Requirement: Everything from the line with "Add your chicken" through the last line of the data below should be copied exactly, apart from the pictures.

Dataset section:
--- --- ---
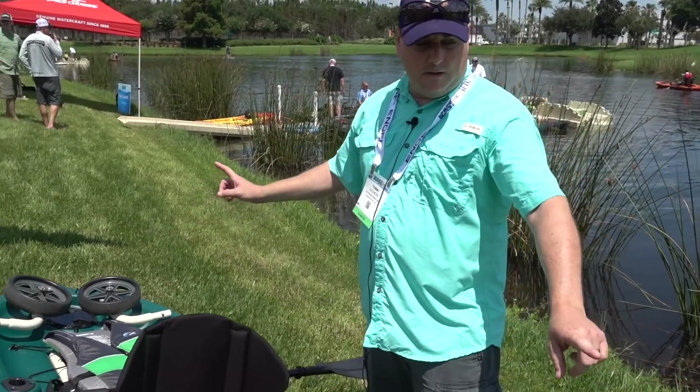You spend more time casting on the water because you can turn with your feet rather than having to put your rod down, pick up your paddle, adjust your heading, and then back and forth.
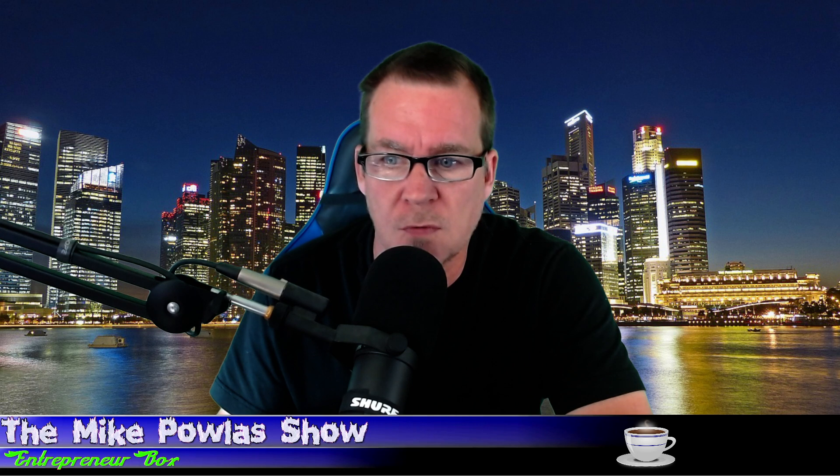Welcome to another show. I'm recording this on 9/16 at midnight. Just got finished watching the Falcon launch down there in Florida, putting up some more satellites.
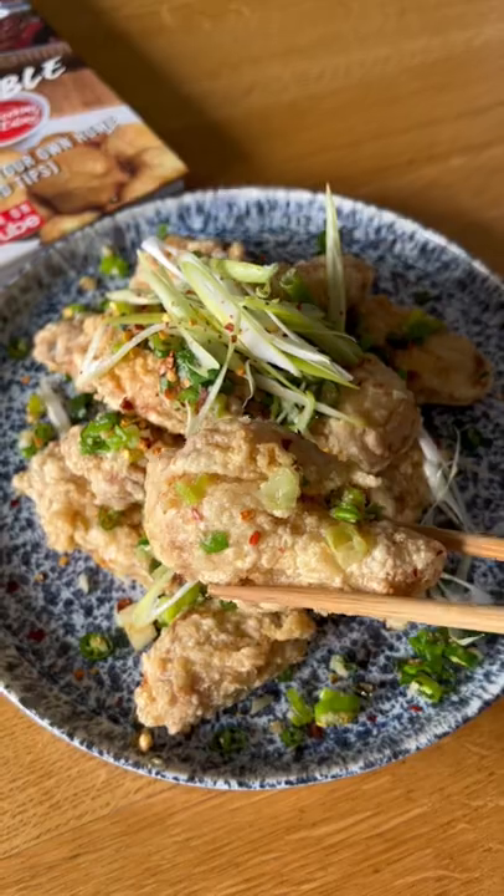Add your chicken and then mix in for about 20 seconds. Garnish with some fresh spring onions and chilli flakes. And there you have it — salt and chilli wings.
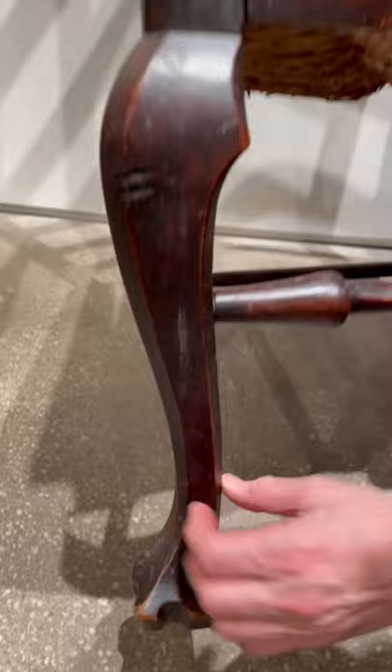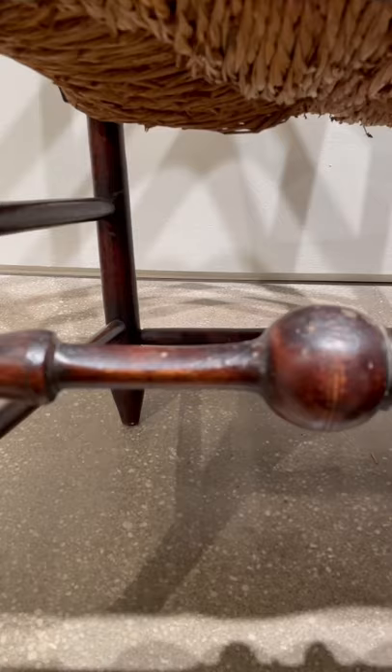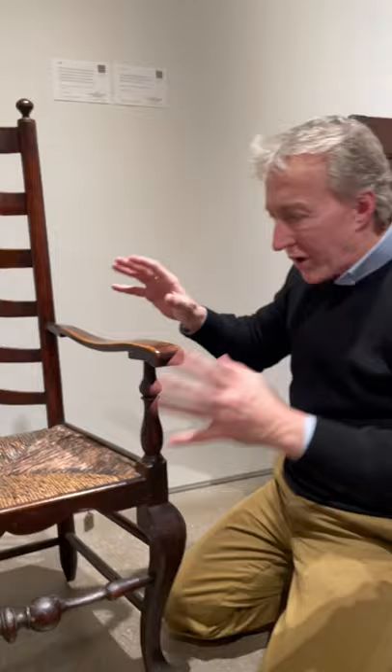These are kind of squared and chamfered, even trifid feet. Look at these massive ball and ring turnings and the wear that's on them — see this kind of flat area from just feet touching that through the years. The maple retains its original wash all these years, which is so wonderful.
--- --- ---
Solution to the problem:
Add your chicken and then mix in for about 20 seconds. Garnish with some fresh spring onions and chilli flakes. And there you have it — salt and chilli wings.
These are kind of squared and chamfered, even trifid feet. Look at these massive ball and ring turnings and the wear that's on them — see this kind of flat area from just feet touching that through the years. The maple retains its original wash all these years, which is so wonderful.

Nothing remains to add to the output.